I ran across this puzzle yesterday.

Write a function that, given a positive integer, will express that number as a series of simple mathematical operations (add, subtract, multiply, divide) using only single-digit numbers. Output of the function is a string containing a postfix expression.

So, for example, 36 would result in 66* or 94*. 11 would be 92+ or 74+, etc. The number 101 could be expressed as 554**1+.

It didn’t take long to come up with a recursive function that meets the requirements.
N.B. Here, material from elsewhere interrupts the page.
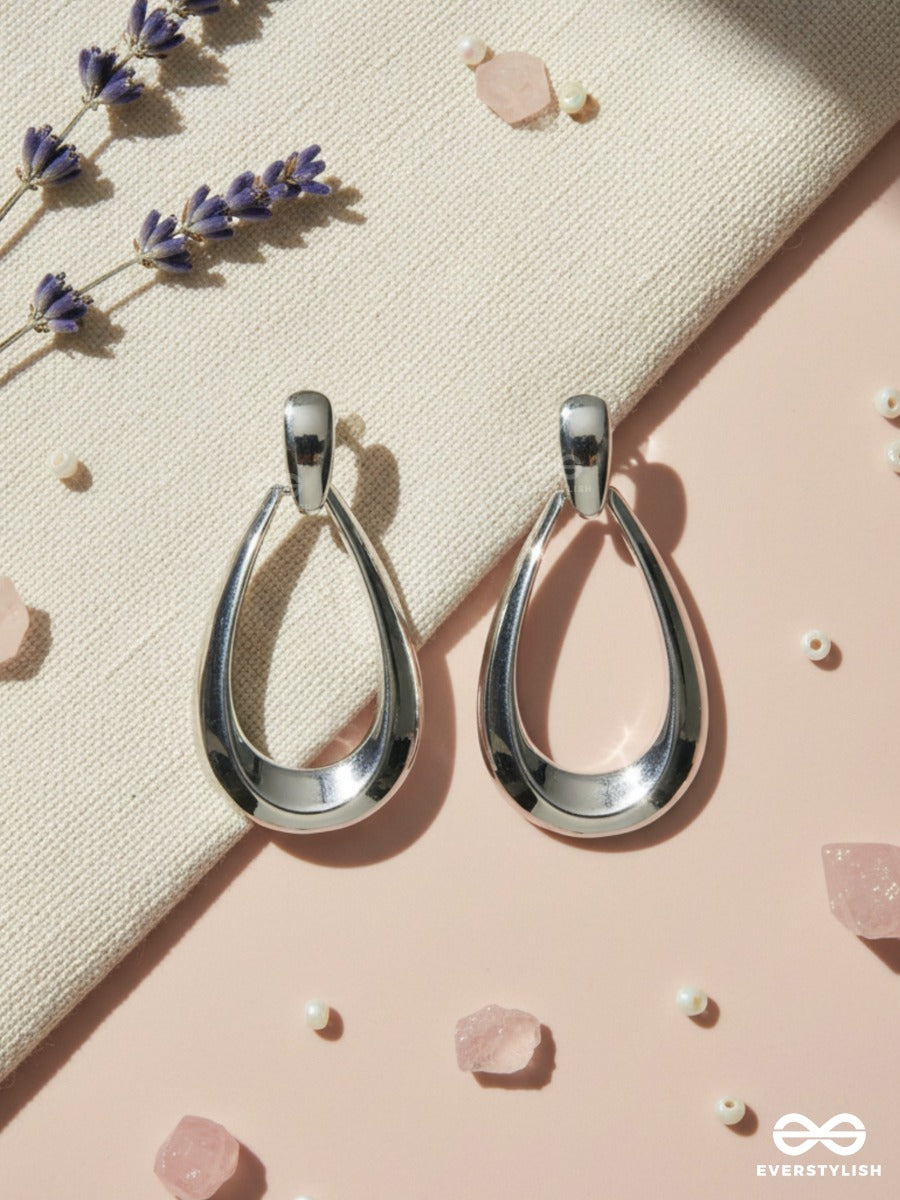 Silver Arc - Modern Hollow Drop Earrings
Here it is in C#:

    string GetExpression(int val)
    {
        if (val < 10)
        {
            return val.ToString();
        }
        int quo, rem;
        // first see if it's evenly divisible
        for (int i = 9; i > 1; --i)
        {
            quo = Math.DivRem(val, i, out rem);
            if (rem == 0)
            {
                if (val >= 90 || (val < 90 && quo <= 9))
                {
                    // value is (i * quo)
                    return i + GetExpression(quo) + "*";
                }
            }
        }

        quo = Math.DivRem(val, 9, out rem);
        // value is (9 * quo) + rem
        // optimization reduces (9 * 1) to 9
        var s1 = "9" + ((quo == 1) ? string.Empty : GetExpression(quo) + "*");
        var s2 = GetExpression(rem) + "+";
        return s1 + s2;
    }

The overall idea here is that first I try to divide the number evenly by a one-digit number. If it does divide evenly, then the result is (x * quotient), where x is the divisor. If the number isn’t evenly divisible by a one-digit number, then the function divides the value by nine and generates (9 * quotient) + remainder.
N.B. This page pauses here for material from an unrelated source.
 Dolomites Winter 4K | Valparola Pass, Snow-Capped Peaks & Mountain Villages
I made one simple optimization based on the observation that any number in the range 0-90 inclusive can be expressed either as the product of two single-digit numbers, or with an expression of the form (9 * x) + y, where x and y are one-digit numbers. 31, for example, is (9 * 3) + 4, or 93*4+ in postfix.
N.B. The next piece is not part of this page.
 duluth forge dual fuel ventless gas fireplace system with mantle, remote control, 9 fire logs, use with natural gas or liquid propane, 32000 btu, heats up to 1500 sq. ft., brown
The function above generates the shortest possible expressions for all numbers in the range 0 through 90. I think its expressions for 91 through 101 are as short as possible, if non-obvious. But I know that it doesn’t always generate optimum expressions. For example, the generated expression for 10,000 is 85595*5+*** (it works out to (8 * 1250)). But 10,001 results in 99394*5+**4+*2+ (postfix for (9 * 1111) + 2). A shorter expression would be (10000 + 1) or, in postfix, 85595*5+***1+.

I’m at a loss as to how I would go about ensuring an optimum expression for any positive integer. I know that I could add more special cases, but I’m already disappointed by the existing special case in my algorithm for numbers 0 through 90. Even the check for even divisibility kind of bothers me, but that’s the only way I could find to make things reasonable at all.

If the puzzle interests you, I’d be interested in any insights.